*** Records for the task Section Begins ***
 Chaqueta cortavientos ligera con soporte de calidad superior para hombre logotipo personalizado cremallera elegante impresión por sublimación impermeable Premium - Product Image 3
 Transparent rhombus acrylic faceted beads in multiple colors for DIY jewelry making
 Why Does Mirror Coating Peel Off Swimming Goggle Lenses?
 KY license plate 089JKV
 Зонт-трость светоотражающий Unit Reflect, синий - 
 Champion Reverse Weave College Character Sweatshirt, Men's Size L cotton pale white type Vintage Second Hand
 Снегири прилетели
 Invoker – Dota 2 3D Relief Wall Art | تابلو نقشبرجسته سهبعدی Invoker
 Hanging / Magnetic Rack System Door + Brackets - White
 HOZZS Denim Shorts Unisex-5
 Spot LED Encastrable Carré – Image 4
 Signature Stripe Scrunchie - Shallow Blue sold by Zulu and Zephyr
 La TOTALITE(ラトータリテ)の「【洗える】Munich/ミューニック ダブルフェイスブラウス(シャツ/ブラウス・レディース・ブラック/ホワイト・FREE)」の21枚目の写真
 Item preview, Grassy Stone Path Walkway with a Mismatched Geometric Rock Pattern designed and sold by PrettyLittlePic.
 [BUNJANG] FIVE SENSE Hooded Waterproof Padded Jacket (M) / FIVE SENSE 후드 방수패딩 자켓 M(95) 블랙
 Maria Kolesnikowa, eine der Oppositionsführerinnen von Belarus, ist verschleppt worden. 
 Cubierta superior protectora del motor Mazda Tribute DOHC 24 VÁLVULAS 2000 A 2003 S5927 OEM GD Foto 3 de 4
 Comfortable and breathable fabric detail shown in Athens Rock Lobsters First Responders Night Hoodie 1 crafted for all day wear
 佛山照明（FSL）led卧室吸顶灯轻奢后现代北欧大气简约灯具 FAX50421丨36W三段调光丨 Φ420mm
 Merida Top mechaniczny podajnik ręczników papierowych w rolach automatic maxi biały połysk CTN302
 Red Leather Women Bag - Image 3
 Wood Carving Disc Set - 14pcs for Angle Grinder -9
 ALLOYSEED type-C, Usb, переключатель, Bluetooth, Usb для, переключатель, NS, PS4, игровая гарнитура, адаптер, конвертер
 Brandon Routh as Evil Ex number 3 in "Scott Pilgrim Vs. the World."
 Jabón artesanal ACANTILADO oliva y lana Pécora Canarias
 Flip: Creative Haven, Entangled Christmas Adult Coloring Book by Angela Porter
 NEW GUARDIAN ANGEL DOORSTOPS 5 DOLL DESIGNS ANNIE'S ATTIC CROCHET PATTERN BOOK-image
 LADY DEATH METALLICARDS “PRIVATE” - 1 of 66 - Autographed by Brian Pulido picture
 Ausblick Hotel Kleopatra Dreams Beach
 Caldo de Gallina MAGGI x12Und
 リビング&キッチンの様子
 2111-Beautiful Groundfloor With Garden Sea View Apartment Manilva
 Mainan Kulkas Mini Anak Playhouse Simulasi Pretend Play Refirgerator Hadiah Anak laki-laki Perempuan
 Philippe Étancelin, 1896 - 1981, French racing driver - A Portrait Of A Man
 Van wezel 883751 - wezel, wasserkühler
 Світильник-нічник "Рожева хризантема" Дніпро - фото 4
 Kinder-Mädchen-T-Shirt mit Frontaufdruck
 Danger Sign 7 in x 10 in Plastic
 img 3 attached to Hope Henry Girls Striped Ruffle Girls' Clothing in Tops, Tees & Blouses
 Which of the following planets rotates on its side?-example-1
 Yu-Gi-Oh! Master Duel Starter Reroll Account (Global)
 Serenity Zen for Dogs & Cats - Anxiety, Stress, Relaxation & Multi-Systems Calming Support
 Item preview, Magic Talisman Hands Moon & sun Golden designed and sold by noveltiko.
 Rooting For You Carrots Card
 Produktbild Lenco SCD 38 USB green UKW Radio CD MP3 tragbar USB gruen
*** Records for the task Section Ends ***
*Task prompt*:
Once you reach the line with "Item preview, Grassy" in the data above, copy it and every line after it exactly, up to and including the line with "Cubierta superior protectora".

*Reply to the task*:
 Item preview, Grassy Stone Path Walkway with a Mismatched Geometric Rock Pattern designed and sold by PrettyLittlePic.
 [BUNJANG] FIVE SENSE Hooded Waterproof Padded Jacket (M) / FIVE SENSE 후드 방수패딩 자켓 M(95) 블랙
 Maria Kolesnikowa, eine der Oppositionsführerinnen von Belarus, ist verschleppt worden. 
 Cubierta superior protectora del motor Mazda Tribute DOHC 24 VÁLVULAS 2000 A 2003 S5927 OEM GD Foto 3 de 4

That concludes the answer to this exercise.